Organization of Files and Folders
When uploading data, you must arrange the filesystem hierarchy (the folders and files that contain your data) according to the following structure:
- There must be a single top-level folder named after the collection of the data you are submitting.
- Within this folder, you must provide one more sub-folders that match each dataset within the collection. This should match the logical organization of your data. The dataset name is typically the an de-identified participant id, an event Id (for reference sets), or a site name. Any ancillary files can be included in a sub-folder labeled CollectionLevelFiles and they will be included at the collection level.
- Datasets may themselves contain nested datasets, which are represented by nested dataset folders named for each nested dataset.
- Within the dataset folders, provide the files (DICOM images, EDF files, MINC files, OME-TIFF, CZI, etc.) that contain the actual data.
An example structure is shown below:
๐ collection ๐ CollectionLevel ๐ ReadMe.txt ๐ SOP 1.pdf ๐ ClinicalData.csv ๐ DataDictionary.csv ๐ dataset 1 ๐ participant 1 ๐ (optional nested datasets) ๐ file 1 ๐ file 2 ๐ file 3 . . . ๐ participant 2 ๐ (optional nested datasets) ๐ file 1 ๐ file 2 ๐ file 3 . . . ๐ dataset 2 ๐ participant 1 ๐ (optional nested datasets) ๐ file 1 ๐ file 2 ๐ file 3 . . . ๐ file n ๐ file n+1 ๐ file n+2 . . .
As mentioned before, do not include viewer software, AUTORUN.INF files, .exe files, .app folders, .DLL files, LICENSE files, Java files, etc.
Your data must also be self-contained; this means that each file contains all of the data needed to describe itself (aside from the metadata you submit separately). Examples:
- mycollection/12345/10000.dcm is a valid; it is a single data file (10000.dcm) for event id dataset 12345 that belongs to "mycollection".
- mycollection/torso.dcm plus mycollection/explanation.xlsx where the Excel spreadsheet tells the event ID for "torso.dcm" violates the accepted upload format.
You may package your filesystem hierarchy into an archive.
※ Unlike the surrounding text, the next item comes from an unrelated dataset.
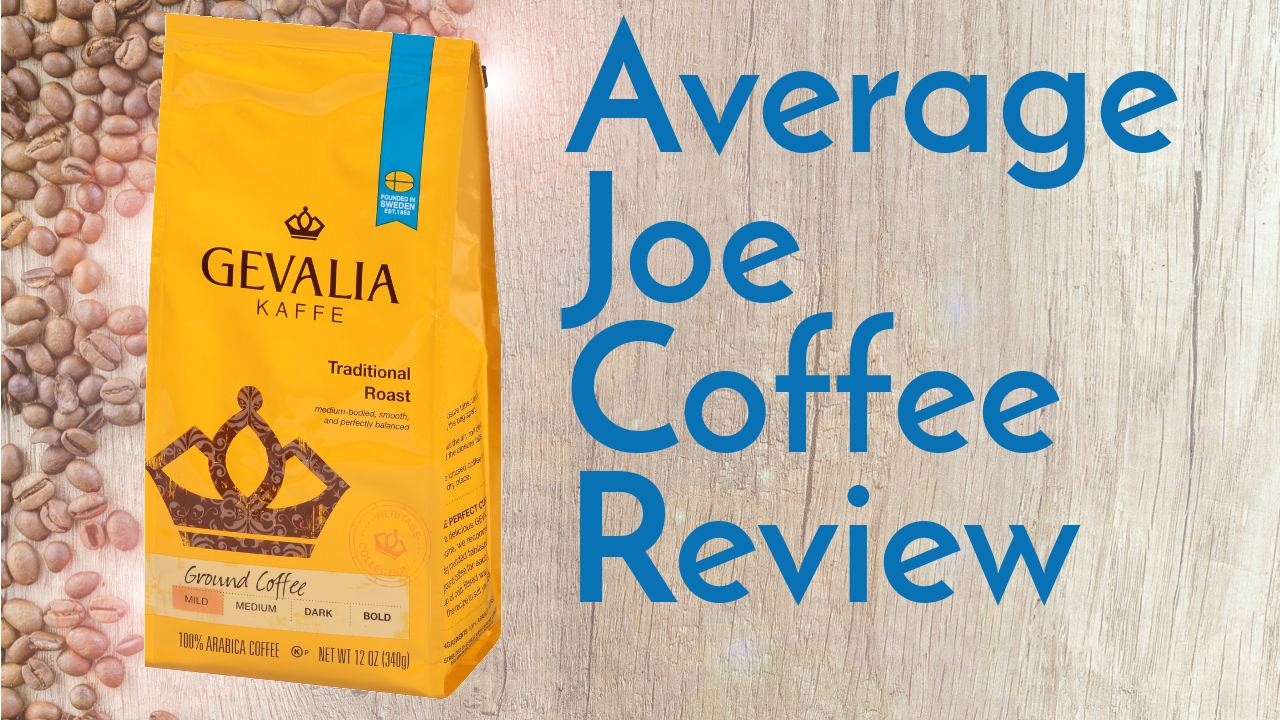 Video thumbnail for the review of Gevalia Traditional coffee.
We can accept .zip, .tar, .tar.gz, .tar.bz2, and .tar.xz files.
Review and Verification
Validation of required metadata will be performed during the upload of data to LabAS. In addition, each site and/or assigned domain expert, must review and validate their data to ensure accuracy in data capture and usability by others in LabCAS. This is a critical step in ensuring that they can be shared and used by other research groups.